## HOW TO COMPLETE THIS TASK
Every record that follows must be set down word for word.

## RECORDS FOR THIS EXERCISE

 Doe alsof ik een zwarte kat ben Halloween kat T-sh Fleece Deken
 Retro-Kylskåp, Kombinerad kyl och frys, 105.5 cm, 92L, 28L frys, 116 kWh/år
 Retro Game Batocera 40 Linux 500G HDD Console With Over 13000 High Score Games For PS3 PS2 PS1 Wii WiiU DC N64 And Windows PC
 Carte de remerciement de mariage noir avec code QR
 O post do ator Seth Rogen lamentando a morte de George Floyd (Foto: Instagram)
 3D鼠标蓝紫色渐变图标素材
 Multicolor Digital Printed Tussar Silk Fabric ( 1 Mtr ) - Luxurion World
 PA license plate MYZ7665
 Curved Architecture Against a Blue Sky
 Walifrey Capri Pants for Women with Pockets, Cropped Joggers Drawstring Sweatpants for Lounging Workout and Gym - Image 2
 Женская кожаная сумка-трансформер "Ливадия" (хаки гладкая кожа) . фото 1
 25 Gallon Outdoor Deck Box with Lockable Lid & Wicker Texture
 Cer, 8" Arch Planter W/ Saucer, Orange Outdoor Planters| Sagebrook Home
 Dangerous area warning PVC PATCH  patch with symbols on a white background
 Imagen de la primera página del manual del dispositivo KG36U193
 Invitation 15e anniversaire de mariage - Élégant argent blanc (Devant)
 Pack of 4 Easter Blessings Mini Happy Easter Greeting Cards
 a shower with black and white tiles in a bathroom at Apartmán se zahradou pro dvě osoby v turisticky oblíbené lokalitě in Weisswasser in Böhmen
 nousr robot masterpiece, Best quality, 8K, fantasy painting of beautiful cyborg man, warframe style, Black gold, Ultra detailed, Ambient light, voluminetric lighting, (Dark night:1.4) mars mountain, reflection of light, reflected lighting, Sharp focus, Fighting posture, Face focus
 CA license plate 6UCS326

## TASK RESPONSE
 Doe alsof ik een zwarte kat ben Halloween kat T-sh Fleece Deken
 Retro-Kylskåp, Kombinerad kyl och frys, 105.5 cm, 92L, 28L frys, 116 kWh/år
 Retro Game Batocera 40 Linux 500G HDD Console With Over 13000 High Score Games For PS3 PS2 PS1 Wii WiiU DC N64 And Windows PC
 Carte de remerciement de mariage noir avec code QR
 O post do ator Seth Rogen lamentando a morte de George Floyd (Foto: Instagram)
 3D鼠标蓝紫色渐变图标素材
 Multicolor Digital Printed Tussar Silk Fabric ( 1 Mtr ) - Luxurion World
 PA license plate MYZ7665
 Curved Architecture Against a Blue Sky
 Walifrey Capri Pants for Women with Pockets, Cropped Joggers Drawstring Sweatpants for Lounging Workout and Gym - Image 2
 Женская кожаная сумка-трансформер "Ливадия" (хаки гладкая кожа) . фото 1
 25 Gallon Outdoor Deck Box with Lockable Lid & Wicker Texture
 Cer, 8" Arch Planter W/ Saucer, Orange Outdoor Planters| Sagebrook Home
 Dangerous area warning PVC PATCH  patch with symbols on a white background
 Imagen de la primera página del manual del dispositivo KG36U193
 Invitation 15e anniversaire de mariage - Élégant argent blanc (Devant)
 Pack of 4 Easter Blessings Mini Happy Easter Greeting Cards
 a shower with black and white tiles in a bathroom at Apartmán se zahradou pro dvě osoby v turisticky oblíbené lokalitě in Weisswasser in Böhmen
 nousr robot masterpiece, Best quality, 8K, fantasy painting of beautiful cyborg man, warframe style, Black gold, Ultra detailed, Ambient light, voluminetric lighting, (Dark night:1.4) mars mountain, reflection of light, reflected lighting, Sharp focus, Fighting posture, Face focus
 CA license plate 6UCS326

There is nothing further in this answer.